1. A SiC substrate having an end region within 5 mm from an outer circumferential end portion, wherein a density of metallic foreign bodies in the end region detected by a scanning electron microscope is equal to or smaller than 1.5 pieces/mm2.
2. The SiC substrate according to claim 1, wherein the density of the metallic foreign bodies in the end region is equal to or smaller than 1 pieces/mm2.
3. The SiC substrate according to claim 1, wherein the density of the metallic foreign bodies in the end region is equal to or smaller than 0.6 pieces/mm2.
4. The SiC substrate according to claim 1, wherein the density of metallic foreign bodies containing chromium in the metallic foreign bodies in the end region is equal to or smaller than 0.5 pieces/mm2.
5. The SiC substrate according to claim 1, wherein the density of metallic foreign bodies containing calcium in the metallic foreign bodies in the end region is equal to or smaller than 1 pieces/mm2.

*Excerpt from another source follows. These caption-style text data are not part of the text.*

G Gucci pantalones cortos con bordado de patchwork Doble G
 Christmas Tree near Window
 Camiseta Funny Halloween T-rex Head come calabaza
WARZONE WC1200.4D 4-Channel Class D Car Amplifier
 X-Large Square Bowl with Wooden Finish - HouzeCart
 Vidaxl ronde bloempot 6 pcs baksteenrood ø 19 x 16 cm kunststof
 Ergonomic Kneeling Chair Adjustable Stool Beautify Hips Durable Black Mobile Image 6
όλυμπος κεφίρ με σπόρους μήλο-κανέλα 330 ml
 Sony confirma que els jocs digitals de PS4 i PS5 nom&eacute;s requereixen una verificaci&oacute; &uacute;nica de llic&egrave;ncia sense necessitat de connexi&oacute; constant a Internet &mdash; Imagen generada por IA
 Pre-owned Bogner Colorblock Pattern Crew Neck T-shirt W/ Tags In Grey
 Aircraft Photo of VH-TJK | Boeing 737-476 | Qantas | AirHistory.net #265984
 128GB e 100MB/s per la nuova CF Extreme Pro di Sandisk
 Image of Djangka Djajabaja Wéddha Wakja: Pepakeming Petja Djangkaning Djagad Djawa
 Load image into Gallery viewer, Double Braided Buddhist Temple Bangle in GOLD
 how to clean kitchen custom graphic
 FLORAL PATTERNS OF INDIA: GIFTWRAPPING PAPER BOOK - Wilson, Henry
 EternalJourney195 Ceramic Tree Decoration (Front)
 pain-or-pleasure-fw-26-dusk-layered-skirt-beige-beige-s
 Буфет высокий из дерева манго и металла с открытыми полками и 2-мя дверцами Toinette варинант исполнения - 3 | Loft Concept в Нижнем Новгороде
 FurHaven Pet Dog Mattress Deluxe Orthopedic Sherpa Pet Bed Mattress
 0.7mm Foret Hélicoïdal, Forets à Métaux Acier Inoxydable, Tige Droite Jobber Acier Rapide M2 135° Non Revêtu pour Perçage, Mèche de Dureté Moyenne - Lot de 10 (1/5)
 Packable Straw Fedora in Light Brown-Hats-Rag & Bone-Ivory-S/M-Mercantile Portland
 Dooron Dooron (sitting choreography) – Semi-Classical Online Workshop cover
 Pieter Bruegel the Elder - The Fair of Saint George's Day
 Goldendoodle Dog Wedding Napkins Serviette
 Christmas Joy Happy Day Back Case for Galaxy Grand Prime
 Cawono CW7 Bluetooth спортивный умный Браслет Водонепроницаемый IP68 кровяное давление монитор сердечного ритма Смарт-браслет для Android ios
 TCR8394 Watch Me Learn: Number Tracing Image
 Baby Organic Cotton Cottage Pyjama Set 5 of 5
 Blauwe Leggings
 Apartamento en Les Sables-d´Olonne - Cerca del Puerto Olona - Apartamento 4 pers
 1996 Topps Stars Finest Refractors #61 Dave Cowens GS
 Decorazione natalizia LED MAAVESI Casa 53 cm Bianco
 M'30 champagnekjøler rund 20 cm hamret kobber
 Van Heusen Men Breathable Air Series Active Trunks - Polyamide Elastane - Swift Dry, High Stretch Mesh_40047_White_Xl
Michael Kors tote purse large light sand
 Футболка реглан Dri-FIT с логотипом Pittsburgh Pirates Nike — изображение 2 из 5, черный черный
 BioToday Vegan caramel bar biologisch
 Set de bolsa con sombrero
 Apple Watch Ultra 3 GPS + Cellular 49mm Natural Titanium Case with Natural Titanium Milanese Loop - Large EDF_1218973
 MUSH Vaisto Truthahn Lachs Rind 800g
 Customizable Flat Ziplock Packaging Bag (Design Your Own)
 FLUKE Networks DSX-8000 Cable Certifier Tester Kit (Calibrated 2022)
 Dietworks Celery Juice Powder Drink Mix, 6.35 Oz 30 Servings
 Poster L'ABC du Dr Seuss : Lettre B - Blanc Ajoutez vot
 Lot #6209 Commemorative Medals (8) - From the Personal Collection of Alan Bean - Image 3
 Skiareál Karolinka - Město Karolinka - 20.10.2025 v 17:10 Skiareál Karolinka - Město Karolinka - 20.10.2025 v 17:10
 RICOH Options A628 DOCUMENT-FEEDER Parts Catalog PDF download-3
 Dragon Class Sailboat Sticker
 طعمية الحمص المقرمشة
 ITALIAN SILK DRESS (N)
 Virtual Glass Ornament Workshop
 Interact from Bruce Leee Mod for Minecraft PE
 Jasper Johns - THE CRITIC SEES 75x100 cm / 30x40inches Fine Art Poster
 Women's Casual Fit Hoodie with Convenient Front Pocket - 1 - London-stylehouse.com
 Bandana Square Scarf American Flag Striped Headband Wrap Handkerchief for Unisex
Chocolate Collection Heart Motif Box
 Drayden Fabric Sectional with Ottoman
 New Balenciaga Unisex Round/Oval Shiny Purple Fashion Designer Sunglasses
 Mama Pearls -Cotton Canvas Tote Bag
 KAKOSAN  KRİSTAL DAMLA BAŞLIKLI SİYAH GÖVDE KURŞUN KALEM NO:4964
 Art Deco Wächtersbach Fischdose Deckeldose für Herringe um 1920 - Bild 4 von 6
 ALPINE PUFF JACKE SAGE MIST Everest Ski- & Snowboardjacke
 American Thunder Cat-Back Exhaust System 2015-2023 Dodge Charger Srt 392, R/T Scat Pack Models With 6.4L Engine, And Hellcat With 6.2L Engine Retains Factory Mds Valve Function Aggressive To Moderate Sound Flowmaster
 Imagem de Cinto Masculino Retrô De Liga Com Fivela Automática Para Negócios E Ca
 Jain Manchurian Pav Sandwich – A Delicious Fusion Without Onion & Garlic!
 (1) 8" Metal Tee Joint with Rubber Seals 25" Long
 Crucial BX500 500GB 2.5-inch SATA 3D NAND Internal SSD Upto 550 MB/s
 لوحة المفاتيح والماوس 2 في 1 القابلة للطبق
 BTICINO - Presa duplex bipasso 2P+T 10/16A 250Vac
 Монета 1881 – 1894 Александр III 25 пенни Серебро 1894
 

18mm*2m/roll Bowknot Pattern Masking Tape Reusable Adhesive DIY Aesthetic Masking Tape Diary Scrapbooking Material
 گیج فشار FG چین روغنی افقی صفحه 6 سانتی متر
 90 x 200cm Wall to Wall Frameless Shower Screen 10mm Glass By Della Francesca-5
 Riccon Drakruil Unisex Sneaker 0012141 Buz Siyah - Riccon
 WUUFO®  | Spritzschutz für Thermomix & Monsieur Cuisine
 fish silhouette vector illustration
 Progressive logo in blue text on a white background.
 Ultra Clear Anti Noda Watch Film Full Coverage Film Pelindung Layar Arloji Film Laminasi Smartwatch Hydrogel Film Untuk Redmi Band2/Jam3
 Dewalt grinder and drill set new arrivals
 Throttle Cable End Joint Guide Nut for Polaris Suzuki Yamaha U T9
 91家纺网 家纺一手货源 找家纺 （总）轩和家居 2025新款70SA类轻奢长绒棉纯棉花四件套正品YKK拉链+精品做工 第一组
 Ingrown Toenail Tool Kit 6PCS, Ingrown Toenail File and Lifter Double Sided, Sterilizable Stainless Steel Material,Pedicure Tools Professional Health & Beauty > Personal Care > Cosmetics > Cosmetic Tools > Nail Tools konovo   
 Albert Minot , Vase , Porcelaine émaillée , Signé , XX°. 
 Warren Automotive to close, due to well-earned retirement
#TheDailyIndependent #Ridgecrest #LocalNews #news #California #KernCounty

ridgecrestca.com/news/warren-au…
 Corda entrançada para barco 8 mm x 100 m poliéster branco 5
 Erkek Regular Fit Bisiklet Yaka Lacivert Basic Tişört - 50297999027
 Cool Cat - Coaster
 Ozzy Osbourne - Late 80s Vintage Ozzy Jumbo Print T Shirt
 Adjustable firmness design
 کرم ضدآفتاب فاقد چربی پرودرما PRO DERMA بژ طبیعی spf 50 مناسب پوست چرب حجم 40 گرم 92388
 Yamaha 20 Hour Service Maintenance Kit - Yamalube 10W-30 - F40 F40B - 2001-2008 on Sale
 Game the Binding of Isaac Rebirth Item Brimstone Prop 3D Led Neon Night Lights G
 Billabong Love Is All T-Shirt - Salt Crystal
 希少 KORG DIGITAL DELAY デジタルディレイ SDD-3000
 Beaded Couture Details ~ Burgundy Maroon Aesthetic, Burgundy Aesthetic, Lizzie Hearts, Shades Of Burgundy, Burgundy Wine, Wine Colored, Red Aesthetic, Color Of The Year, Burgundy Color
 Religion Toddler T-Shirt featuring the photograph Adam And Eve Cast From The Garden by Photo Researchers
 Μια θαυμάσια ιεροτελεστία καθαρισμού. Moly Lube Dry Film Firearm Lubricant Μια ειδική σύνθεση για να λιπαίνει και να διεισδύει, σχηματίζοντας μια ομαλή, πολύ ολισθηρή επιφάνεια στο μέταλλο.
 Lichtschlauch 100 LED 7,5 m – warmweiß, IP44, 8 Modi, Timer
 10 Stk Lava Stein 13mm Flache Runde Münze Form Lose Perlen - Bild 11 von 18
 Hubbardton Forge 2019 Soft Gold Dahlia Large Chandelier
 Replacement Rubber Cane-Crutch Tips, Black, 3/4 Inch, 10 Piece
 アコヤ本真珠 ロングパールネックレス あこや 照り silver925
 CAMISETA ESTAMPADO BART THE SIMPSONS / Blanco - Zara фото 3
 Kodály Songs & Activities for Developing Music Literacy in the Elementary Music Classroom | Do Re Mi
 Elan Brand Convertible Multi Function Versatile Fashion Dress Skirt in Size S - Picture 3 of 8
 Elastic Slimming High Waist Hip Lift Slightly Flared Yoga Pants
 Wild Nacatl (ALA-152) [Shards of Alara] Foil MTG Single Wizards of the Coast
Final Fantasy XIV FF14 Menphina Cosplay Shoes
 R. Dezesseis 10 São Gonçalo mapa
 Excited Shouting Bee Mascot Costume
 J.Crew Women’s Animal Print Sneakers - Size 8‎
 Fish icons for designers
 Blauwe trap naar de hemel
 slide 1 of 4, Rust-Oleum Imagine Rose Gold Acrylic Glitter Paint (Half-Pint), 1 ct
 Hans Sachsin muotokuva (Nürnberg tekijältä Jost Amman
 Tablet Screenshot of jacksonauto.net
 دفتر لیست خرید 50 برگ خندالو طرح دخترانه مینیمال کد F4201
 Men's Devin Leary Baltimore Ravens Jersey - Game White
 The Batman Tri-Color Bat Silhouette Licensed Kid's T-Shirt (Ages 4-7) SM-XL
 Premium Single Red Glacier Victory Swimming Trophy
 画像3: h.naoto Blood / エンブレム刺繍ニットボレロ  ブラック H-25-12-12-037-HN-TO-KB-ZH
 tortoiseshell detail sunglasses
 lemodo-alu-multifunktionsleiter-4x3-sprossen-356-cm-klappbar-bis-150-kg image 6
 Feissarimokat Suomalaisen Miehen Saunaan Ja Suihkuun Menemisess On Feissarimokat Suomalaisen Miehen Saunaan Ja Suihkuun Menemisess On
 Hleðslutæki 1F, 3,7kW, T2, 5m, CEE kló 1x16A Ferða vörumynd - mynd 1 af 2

6. The SiC substrate according to claim 1, wherein an average number of the metallic foreign bodies in the end region is equal to or smaller than three,
the average number is an average value of the number of the metallic foreign bodies in each of a first range, a second range and a third range of 0.18 mm×10 mm in a scanning electron microscope,
the first range, the second range and the third range are in a [1-100] direction from a center, and
each of the second range and the third range is adjacent to the first range.
7. The SiC substrate according to claim 6, wherein the average number in the end region is equal to or smaller than two.
8. The SiC substrate according to claim 1, wherein a diameter is equal to or greater than 149 mm.
9. The SiC substrate according to claim 1, wherein a diameter is equal to or greater than 199 mm.
10. The SiC substrate according to claim 1, having a notch cut out toward an inside of the SiC substrate.
11. A SiC epitaxial wafer comprising:
the SiC substrate according to claim 1; and
a SiC epitaxial layer formed on one surface of the SiC substrate.
12. A method of manufacturing a SiC device, having a process of forming a device on the SiC epitaxial layer of the SiC epitaxial wafer according to claim 11.